What to produce
Transcribe the entries exactly; images are not part of the copy.
____ Exercise material
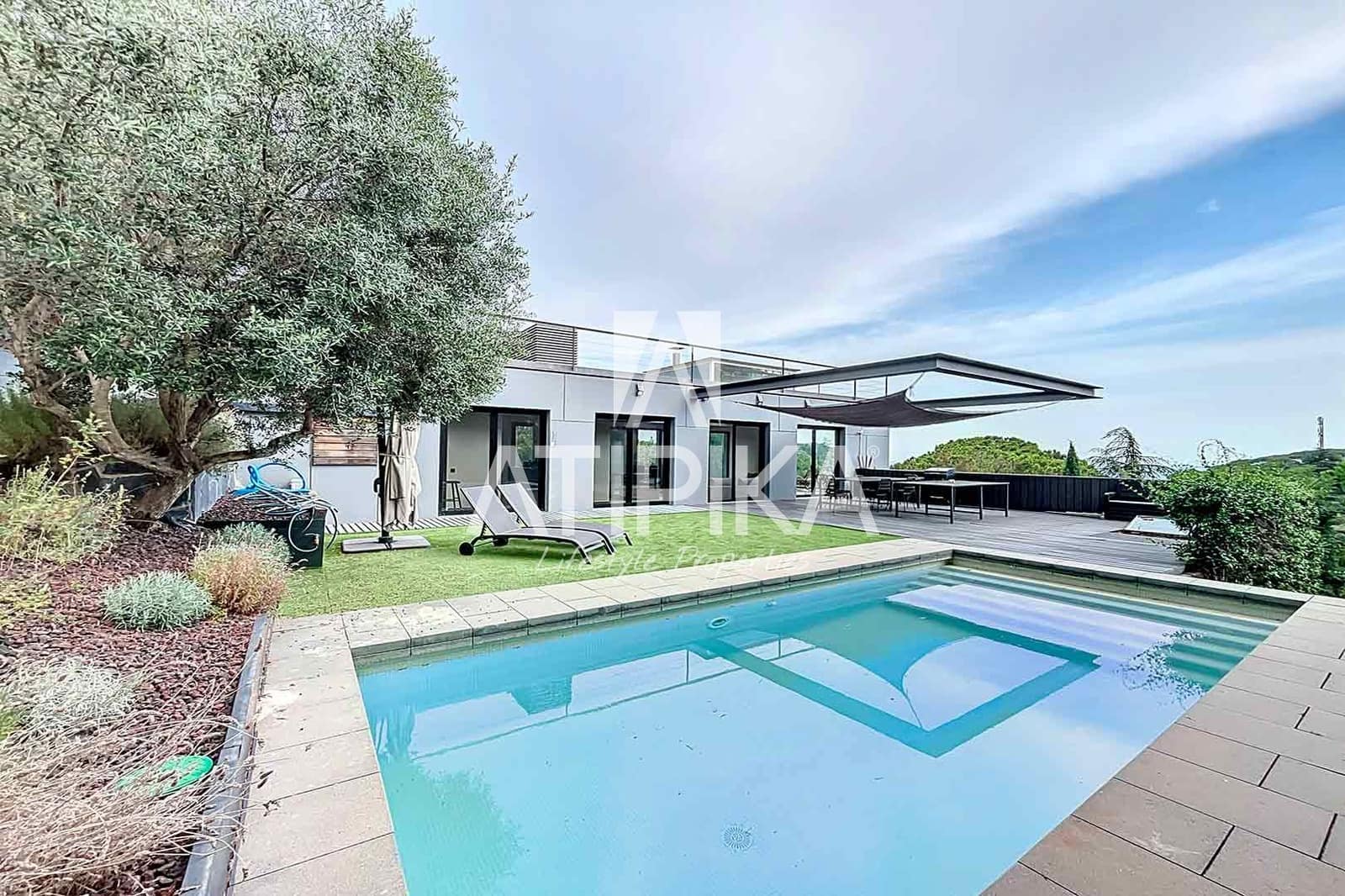 4 soveværelse Villa til salg i Premia de Dalt med swimmingpool - € 1.680.000 (Ref: 8463218)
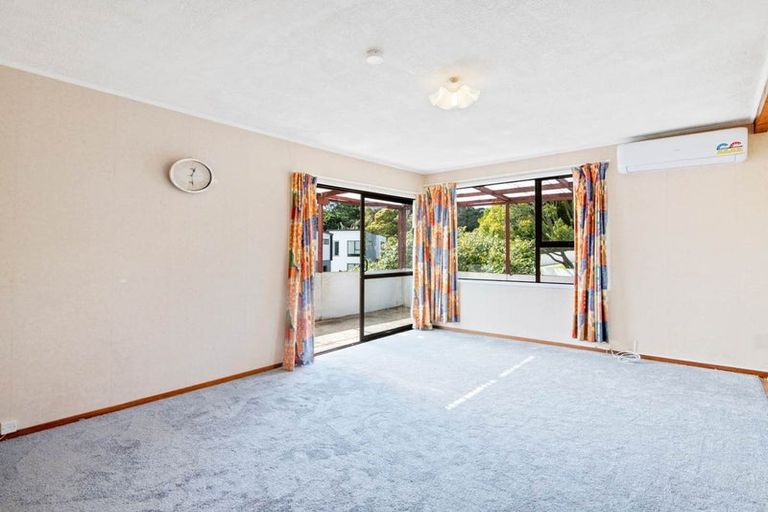 Photo of property in 76 Powrie Street, Glenfield, Auckland, 0629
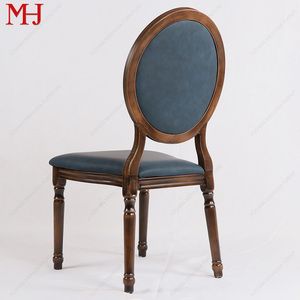 Chaise de restaurant en bois antique de style Louis XVI avec dossier à <span class=keywords><strong>médaillon</strong></span> et revêtement en cuir PU - Product Image 4
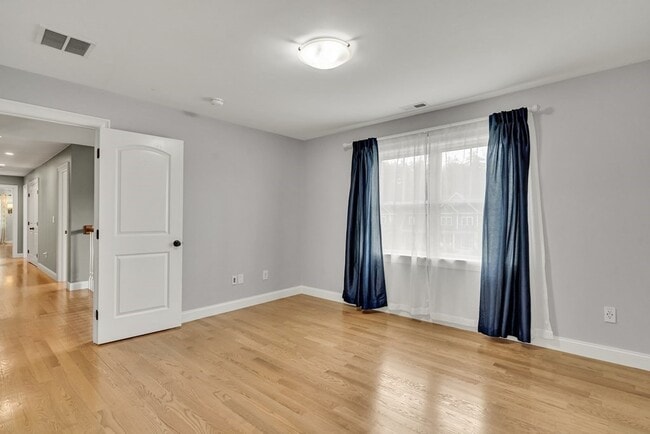 Building Photo - 121 Taylor Farm Rd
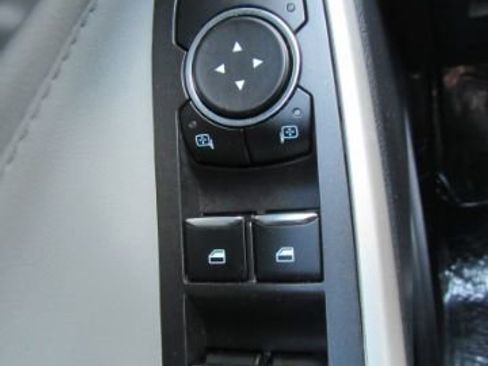 Used 2021 Ford Explorer XLT w/ Equipment Group 202A image 38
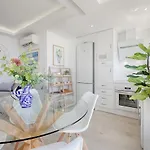 Apartment Hanami Avenida De Espana Sea Front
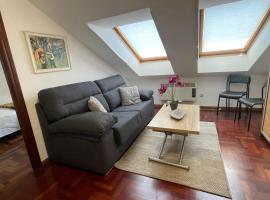 Apartamento Virgen de Guía para 3-4 personas, hótel í Ribadesella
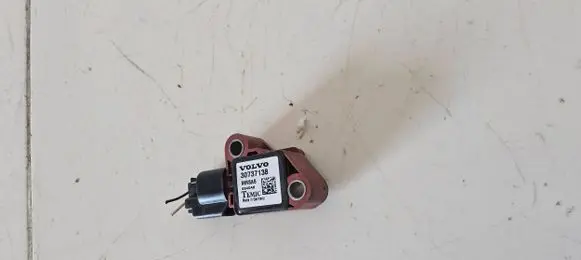 Volvo V50 Airbag deployment crash/impact sensor 8840A8 30737138 MRSA5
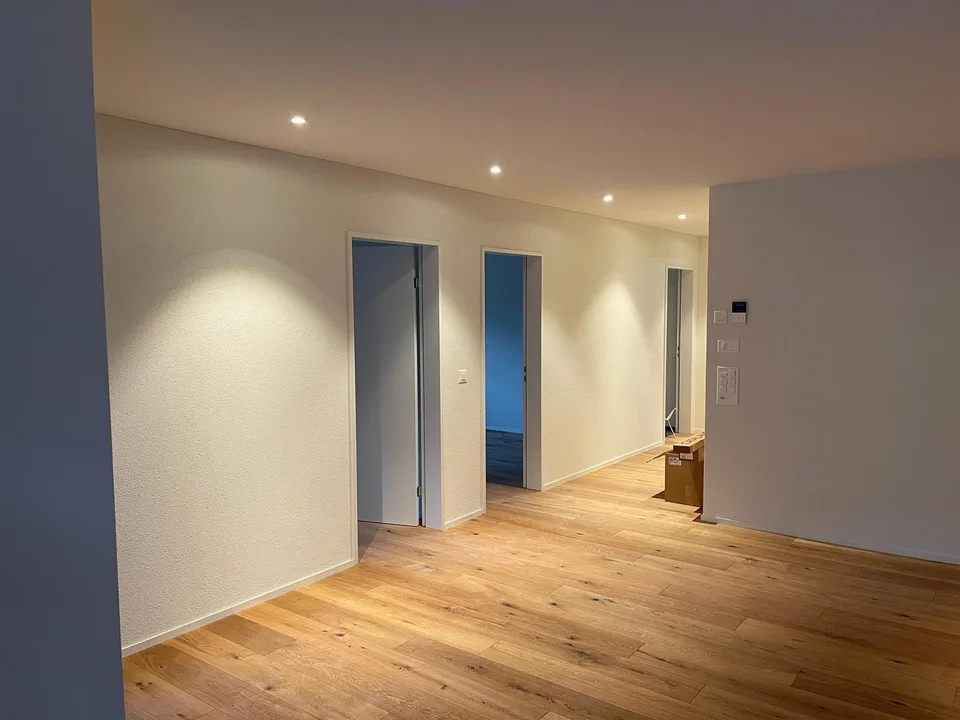 4 1/2 Zimmerwohnung mit Balkon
________
Response to this task
 4 soveværelse Villa til salg i Premia de Dalt med swimmingpool - € 1.680.000 (Ref: 8463218)
 Photo of property in 76 Powrie Street, Glenfield, Auckland, 0629
 Chaise de restaurant en bois antique de style Louis XVI avec dossier à <span class=keywords><strong>médaillon</strong></span> et revêtement en cuir PU - Product Image 4
 Building Photo - 121 Taylor Farm Rd
 Used 2021 Ford Explorer XLT w/ Equipment Group 202A image 38
 Apartment Hanami Avenida De Espana Sea Front
 Apartamento Virgen de Guía para 3-4 personas, hótel í Ribadesella
 Volvo V50 Airbag deployment crash/impact sensor 8840A8 30737138 MRSA5
 4 1/2 Zimmerwohnung mit Balkon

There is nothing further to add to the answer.